According to Frigg it might be possible to respond to Loschmidt by a reminder that Boltzmann’s law is probabilistic, not universal, hence it can allow for some unwanted transitions even if the transitions are unlikely. However, this response would be inadequate: in virtue of time-invariance, if a system’s evolution from low to high entropy is very likely, the system is also very likely to have evolved from an antecedent higher entropy. This result is contrary to intuition, let alone Boltzmann’s law: it implies that my cold cup of tea, which has transitioned from its previous high temperature, is only in its current state in virtue of the antecedent lower temperature it must have had at the outset. 
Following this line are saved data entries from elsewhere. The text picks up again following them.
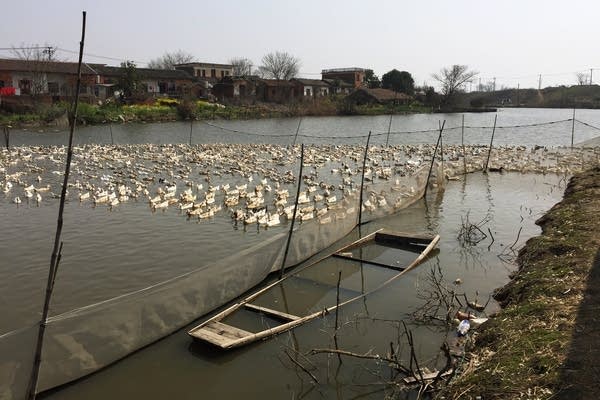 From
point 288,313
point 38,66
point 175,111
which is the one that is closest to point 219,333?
point 288,313

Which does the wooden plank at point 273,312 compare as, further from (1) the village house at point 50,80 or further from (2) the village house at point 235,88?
(2) the village house at point 235,88

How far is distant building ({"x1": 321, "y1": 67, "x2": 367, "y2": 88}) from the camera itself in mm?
85188

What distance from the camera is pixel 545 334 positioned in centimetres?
542

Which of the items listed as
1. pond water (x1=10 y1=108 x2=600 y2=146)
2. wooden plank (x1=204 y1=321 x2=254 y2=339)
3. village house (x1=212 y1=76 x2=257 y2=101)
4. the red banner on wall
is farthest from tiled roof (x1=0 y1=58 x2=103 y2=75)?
wooden plank (x1=204 y1=321 x2=254 y2=339)

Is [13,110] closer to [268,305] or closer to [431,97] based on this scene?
[268,305]

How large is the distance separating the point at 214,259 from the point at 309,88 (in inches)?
2651

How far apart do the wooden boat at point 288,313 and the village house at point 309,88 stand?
204ft

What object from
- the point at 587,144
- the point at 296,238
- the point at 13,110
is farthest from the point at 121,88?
the point at 296,238

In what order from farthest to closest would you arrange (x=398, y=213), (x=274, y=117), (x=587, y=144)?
(x=274, y=117) < (x=587, y=144) < (x=398, y=213)

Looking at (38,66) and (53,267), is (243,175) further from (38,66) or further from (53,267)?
(38,66)

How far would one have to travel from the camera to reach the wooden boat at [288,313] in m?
6.25

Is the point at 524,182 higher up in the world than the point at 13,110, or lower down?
lower down

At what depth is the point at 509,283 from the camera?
8.16m

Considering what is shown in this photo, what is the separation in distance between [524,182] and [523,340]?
47.1 ft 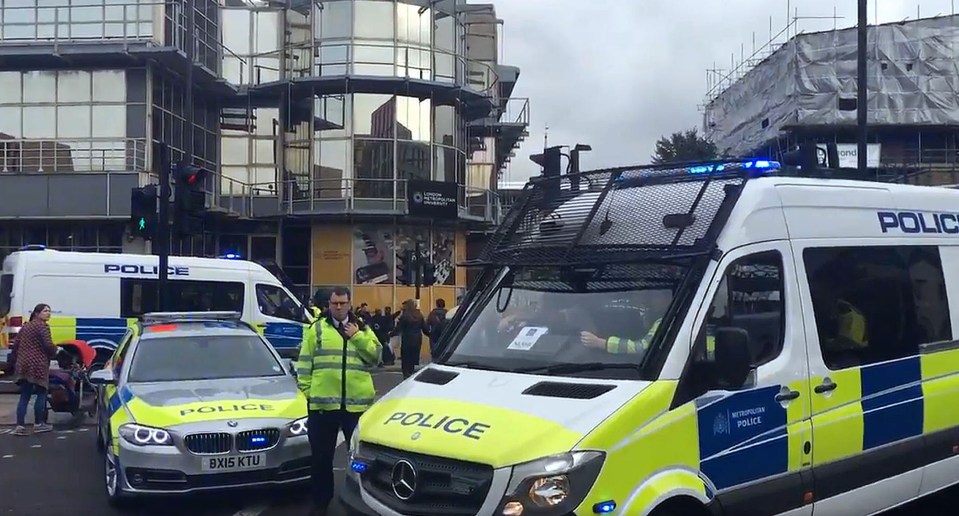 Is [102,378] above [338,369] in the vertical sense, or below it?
below

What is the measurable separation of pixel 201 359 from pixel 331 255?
22.7 meters

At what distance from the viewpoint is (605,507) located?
452cm

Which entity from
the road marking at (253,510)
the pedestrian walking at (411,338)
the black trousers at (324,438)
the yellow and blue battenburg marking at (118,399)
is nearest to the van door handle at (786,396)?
the black trousers at (324,438)

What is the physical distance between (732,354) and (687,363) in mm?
253

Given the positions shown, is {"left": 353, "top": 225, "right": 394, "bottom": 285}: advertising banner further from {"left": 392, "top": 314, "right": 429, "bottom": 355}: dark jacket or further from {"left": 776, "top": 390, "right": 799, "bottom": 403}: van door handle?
{"left": 776, "top": 390, "right": 799, "bottom": 403}: van door handle

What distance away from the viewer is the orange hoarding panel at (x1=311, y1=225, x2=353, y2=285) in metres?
31.8

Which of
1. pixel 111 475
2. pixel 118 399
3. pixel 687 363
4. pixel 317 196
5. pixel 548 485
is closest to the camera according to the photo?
pixel 548 485

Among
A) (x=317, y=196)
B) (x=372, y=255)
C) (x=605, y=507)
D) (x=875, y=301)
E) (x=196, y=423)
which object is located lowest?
(x=196, y=423)

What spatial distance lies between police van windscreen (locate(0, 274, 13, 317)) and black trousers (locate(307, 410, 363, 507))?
12.4 meters

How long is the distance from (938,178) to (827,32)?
318 inches

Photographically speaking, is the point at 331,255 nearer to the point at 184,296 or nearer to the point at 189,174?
the point at 184,296

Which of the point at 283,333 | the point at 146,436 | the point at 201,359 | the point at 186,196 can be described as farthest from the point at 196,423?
the point at 283,333

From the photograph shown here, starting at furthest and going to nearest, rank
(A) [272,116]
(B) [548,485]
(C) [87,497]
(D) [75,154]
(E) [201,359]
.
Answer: (A) [272,116]
(D) [75,154]
(E) [201,359]
(C) [87,497]
(B) [548,485]

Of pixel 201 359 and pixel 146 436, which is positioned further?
pixel 201 359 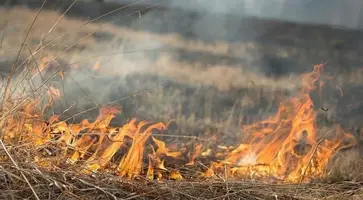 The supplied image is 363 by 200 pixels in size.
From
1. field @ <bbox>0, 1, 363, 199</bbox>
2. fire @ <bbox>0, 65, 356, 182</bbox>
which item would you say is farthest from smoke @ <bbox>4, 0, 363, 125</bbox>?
fire @ <bbox>0, 65, 356, 182</bbox>

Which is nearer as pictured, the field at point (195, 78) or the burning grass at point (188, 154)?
the burning grass at point (188, 154)

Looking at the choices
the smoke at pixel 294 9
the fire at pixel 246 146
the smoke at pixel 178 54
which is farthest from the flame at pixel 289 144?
the smoke at pixel 294 9

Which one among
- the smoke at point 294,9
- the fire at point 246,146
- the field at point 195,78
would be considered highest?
the smoke at point 294,9

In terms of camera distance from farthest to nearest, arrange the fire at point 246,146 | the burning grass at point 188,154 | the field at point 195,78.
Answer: the field at point 195,78 → the fire at point 246,146 → the burning grass at point 188,154

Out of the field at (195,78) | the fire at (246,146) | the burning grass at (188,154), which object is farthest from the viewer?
the field at (195,78)

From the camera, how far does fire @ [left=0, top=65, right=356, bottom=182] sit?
3.53 metres

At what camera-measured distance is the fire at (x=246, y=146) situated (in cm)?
353

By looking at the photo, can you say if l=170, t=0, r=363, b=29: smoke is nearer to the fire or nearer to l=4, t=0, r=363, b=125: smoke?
l=4, t=0, r=363, b=125: smoke

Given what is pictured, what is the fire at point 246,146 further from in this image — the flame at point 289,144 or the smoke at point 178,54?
the smoke at point 178,54

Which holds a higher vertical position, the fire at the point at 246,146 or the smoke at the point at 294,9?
the smoke at the point at 294,9

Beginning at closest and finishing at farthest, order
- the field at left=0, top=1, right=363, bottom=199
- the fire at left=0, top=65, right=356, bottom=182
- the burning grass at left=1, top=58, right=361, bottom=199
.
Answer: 1. the burning grass at left=1, top=58, right=361, bottom=199
2. the fire at left=0, top=65, right=356, bottom=182
3. the field at left=0, top=1, right=363, bottom=199

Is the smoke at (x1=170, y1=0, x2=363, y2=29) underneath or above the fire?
above

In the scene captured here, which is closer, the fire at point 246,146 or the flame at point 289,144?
the fire at point 246,146

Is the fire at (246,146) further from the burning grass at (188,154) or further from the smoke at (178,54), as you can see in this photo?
the smoke at (178,54)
Frigg also mentions Zermelo’s Recurrence Objection: Poincare had pointed out that almost every point in a system’s phase space lies on a trajectory that will return arbitrarily close to the same point after some finite time. For Zermelo, this means that entropy cannot continually increase; rather, there will be some period of time during which entropy decreases. So my cold cup of tea will eventually heat up again of its own accord, and this result also seems considerably counterintuitive.

Solving the problem

To solve Loschmidt’s objection our best option is to assume that an entire system has had some initial state of low entropy prior to any transitions. So, in short, we have to conditionalise the system’s initial state. This entails a replacement of the statistical postulate (which makes no reference to a system’s past.) To create an appropriate replacement, we restrict our consideration of states to those which have the right past – those which started off in the system’s initial state. Having restricted our consideration in this way, we can then ask what portion of micro-states has a higher entropy future, appealing to some image of the initial state under the dynamics of the system since the process started. Such an image can be formally conveyed in the following replacement of the statistical postulate, SP*: p(A) = m(AÇRt) / m(Rt). So, Frigg concludes, “if we choose A to be the set of those states that have a higher entropy future, then the probability given by SP* for a high entropy future has to come out high.” 

Results

What do you think about the solution Frigg describes? I’m not sure about it – does it indicate that the only way to maintain a probabilistic Boltzmannian account of entropy requires some convention from the outset? It reminds me of the work we did last term on the conventionality of geometry, where the stipulating of forces or rigid bodies had significant sway over the physics. Suppose we choose the big bang as our initial state of the system: this will require the assumption that laws of nature are universal in the sense of being valid all the time and everywhere, so that the system is sufficiently governed by the deterministic laws of classical mechanics throughout. That’s not directly problematic in itself, but it requires commitment. Furthermore, I wonder about ontological parsimony: how much of a transition or experiment is relevant to, -or warrants being included as- a part of the entire system?